_WHAT IS BEING ASKED:_ Search the entries below for "Pink" and copy each matching line.

MATERIAL SUPPLIED: Begin

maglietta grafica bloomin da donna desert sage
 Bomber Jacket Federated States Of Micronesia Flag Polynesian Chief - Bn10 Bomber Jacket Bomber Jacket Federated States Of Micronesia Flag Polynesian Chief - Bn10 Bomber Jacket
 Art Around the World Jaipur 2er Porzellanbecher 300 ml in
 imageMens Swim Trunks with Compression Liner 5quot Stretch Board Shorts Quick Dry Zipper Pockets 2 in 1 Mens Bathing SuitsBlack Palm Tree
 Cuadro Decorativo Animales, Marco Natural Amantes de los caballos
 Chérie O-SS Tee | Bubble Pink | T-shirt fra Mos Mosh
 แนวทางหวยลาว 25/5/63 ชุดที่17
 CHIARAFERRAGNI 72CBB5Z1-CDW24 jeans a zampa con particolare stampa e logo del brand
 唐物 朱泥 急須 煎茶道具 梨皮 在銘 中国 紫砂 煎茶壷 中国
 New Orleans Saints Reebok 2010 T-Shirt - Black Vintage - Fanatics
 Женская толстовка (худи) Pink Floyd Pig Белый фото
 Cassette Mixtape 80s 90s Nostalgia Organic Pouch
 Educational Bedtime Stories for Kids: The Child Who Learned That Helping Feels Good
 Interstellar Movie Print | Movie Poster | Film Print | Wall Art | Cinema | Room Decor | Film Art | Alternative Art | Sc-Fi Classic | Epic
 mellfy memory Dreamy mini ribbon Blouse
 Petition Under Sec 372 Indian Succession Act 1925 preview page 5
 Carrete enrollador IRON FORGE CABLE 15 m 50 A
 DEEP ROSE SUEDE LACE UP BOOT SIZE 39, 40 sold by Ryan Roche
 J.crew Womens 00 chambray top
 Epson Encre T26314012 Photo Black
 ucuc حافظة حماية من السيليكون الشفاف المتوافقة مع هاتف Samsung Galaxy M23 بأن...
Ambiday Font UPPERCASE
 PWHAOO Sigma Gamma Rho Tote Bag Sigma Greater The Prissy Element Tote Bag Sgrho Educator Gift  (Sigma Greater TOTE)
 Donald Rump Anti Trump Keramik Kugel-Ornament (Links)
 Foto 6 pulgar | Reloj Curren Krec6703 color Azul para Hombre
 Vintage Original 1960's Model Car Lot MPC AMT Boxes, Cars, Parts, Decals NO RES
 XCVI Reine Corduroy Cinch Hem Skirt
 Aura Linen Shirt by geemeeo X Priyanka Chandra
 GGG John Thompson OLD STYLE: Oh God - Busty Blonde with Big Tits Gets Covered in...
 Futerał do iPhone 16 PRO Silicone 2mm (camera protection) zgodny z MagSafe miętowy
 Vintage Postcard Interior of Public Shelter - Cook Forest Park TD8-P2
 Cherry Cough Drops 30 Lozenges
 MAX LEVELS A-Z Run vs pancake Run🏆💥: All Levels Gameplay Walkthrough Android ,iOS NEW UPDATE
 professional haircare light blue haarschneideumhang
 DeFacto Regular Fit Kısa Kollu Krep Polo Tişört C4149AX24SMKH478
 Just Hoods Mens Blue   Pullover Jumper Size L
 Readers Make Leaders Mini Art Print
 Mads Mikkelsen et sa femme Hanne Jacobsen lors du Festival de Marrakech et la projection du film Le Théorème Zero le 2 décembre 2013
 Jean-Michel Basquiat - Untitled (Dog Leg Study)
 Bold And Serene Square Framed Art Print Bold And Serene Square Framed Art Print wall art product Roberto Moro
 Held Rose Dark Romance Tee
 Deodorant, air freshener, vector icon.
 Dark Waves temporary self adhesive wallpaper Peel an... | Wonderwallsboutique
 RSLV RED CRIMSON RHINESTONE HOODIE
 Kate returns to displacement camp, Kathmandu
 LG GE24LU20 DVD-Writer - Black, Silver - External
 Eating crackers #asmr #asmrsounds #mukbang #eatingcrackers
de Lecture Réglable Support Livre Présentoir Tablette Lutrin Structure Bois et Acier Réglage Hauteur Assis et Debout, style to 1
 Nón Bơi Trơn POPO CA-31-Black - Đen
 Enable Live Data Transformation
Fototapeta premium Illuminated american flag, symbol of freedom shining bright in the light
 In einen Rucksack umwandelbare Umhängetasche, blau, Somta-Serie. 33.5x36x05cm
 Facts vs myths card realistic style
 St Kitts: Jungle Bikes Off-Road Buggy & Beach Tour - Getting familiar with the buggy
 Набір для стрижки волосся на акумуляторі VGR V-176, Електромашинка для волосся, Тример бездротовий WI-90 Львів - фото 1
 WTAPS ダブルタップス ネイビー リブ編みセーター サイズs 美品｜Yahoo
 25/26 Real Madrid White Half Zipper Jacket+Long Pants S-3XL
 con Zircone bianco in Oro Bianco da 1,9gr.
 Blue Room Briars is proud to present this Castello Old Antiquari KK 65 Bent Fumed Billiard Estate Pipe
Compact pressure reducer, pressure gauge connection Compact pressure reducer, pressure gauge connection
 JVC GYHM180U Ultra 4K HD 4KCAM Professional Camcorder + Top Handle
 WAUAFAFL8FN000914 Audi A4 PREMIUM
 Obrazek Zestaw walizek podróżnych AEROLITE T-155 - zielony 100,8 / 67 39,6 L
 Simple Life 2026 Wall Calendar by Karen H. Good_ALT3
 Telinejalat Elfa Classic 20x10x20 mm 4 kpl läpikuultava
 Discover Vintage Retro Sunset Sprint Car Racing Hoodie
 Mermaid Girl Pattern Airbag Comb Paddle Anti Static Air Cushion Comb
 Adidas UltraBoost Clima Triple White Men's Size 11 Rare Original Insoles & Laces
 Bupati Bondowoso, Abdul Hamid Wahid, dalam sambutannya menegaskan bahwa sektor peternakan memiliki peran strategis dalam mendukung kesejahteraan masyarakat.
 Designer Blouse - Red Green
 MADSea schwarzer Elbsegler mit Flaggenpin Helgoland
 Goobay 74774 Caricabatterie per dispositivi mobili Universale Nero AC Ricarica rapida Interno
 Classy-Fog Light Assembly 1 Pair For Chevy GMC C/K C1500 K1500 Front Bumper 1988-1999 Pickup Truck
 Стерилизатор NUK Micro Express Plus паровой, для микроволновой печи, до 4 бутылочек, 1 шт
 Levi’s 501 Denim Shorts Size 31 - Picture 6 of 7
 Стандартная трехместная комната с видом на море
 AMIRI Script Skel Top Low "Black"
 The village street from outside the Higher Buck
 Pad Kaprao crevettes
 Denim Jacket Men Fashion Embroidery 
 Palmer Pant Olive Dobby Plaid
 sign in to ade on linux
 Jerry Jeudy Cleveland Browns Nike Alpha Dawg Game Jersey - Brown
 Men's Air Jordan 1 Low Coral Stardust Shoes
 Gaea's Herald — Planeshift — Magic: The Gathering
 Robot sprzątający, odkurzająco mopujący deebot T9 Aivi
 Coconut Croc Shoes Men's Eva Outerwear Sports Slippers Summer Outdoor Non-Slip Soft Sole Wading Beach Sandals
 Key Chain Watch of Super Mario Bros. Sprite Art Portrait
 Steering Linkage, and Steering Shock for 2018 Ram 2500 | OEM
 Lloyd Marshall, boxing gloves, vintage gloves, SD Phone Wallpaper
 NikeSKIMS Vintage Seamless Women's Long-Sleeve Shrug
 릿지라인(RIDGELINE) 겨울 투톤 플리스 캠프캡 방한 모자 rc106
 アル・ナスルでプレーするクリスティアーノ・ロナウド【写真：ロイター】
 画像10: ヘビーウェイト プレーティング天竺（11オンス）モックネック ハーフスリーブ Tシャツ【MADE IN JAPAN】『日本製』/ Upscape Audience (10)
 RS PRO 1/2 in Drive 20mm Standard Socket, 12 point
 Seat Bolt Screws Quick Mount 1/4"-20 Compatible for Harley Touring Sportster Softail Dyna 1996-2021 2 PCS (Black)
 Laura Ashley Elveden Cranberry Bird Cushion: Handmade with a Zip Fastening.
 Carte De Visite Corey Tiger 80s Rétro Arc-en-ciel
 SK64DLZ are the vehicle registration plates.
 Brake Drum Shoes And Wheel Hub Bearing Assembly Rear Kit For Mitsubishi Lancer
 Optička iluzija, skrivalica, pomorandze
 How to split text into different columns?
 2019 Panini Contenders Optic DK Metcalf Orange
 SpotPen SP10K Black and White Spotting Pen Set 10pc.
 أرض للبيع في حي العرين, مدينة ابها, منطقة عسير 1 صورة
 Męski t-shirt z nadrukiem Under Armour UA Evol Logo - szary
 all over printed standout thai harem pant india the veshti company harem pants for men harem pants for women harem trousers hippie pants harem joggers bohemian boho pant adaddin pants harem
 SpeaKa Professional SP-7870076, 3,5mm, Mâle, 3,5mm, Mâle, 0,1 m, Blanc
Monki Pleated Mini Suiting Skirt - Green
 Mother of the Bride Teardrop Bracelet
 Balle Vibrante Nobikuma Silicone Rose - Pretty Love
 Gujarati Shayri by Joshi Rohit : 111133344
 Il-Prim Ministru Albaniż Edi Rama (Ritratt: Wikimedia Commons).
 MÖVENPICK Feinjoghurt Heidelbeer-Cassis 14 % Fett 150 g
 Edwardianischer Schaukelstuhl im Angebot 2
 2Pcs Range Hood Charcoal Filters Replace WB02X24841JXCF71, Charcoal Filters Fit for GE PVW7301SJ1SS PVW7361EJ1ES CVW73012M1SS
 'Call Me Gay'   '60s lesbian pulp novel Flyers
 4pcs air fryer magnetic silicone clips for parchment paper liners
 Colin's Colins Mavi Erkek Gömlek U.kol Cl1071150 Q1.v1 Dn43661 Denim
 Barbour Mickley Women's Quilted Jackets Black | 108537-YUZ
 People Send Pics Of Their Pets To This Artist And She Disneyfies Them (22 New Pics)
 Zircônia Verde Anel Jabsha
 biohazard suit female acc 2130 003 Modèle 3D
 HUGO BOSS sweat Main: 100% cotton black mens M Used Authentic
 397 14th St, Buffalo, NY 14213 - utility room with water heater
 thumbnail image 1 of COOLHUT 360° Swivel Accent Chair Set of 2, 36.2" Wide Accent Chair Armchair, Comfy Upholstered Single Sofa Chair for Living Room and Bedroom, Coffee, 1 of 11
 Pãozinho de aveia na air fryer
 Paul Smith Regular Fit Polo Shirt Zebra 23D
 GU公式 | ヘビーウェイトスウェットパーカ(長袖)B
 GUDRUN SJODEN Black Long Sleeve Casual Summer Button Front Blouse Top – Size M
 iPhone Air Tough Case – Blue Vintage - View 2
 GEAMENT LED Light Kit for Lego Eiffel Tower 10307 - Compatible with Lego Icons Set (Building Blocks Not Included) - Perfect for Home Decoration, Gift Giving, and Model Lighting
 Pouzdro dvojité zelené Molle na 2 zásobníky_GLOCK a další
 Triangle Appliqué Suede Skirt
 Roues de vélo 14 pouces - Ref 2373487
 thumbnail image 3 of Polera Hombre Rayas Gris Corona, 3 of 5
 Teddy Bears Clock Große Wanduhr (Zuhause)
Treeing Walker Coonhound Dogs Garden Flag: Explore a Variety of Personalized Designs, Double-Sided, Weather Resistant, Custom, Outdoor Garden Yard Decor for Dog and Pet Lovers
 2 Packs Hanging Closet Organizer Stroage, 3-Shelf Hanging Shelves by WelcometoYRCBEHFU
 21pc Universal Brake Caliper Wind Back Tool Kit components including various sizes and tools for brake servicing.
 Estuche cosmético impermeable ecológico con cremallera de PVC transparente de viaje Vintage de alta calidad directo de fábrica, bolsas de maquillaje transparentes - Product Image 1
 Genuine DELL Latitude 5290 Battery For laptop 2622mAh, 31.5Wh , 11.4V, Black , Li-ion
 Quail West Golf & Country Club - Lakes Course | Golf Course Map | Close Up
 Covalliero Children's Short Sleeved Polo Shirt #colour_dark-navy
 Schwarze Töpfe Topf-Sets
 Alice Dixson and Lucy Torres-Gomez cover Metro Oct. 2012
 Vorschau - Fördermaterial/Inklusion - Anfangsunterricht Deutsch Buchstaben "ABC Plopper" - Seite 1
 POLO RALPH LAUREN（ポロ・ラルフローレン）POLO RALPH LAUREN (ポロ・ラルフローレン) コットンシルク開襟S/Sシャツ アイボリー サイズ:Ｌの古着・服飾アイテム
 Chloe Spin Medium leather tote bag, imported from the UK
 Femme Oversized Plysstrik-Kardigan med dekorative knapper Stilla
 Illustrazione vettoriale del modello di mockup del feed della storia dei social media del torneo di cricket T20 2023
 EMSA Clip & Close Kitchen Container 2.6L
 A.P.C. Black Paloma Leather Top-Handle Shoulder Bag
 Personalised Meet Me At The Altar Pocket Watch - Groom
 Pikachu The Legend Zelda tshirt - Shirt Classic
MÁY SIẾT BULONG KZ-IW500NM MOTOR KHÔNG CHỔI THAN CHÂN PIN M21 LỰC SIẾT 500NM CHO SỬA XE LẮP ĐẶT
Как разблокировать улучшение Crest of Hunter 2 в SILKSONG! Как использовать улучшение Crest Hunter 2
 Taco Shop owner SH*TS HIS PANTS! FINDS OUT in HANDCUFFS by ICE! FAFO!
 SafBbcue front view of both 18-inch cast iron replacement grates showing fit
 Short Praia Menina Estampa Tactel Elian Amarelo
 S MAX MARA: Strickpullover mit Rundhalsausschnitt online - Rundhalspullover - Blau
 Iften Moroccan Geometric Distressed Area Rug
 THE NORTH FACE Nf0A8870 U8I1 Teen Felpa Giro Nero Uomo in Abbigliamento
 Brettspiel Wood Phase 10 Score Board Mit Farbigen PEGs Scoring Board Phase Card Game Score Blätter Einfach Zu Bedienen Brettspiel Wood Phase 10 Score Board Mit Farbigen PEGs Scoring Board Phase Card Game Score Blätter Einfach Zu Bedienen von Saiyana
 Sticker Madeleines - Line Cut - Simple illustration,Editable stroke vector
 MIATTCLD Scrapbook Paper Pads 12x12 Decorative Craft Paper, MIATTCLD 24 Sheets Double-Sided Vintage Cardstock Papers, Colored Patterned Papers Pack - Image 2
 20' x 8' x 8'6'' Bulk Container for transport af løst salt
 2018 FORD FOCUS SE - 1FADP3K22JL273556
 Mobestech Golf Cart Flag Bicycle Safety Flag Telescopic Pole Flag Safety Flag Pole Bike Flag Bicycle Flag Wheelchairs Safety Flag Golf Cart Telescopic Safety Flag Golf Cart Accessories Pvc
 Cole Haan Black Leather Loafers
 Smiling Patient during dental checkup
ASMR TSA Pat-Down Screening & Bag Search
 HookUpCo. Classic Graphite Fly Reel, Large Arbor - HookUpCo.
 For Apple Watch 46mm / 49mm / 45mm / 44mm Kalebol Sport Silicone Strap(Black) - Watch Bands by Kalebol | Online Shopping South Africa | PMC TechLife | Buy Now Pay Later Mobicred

MATERIAL SUPPLIED: End

_ANSWER FOR THE TASK:_
 Chérie O-SS Tee | Bubble Pink | T-shirt fra Mos Mosh
 Женская толстовка (худи) Pink Floyd Pig Белый фото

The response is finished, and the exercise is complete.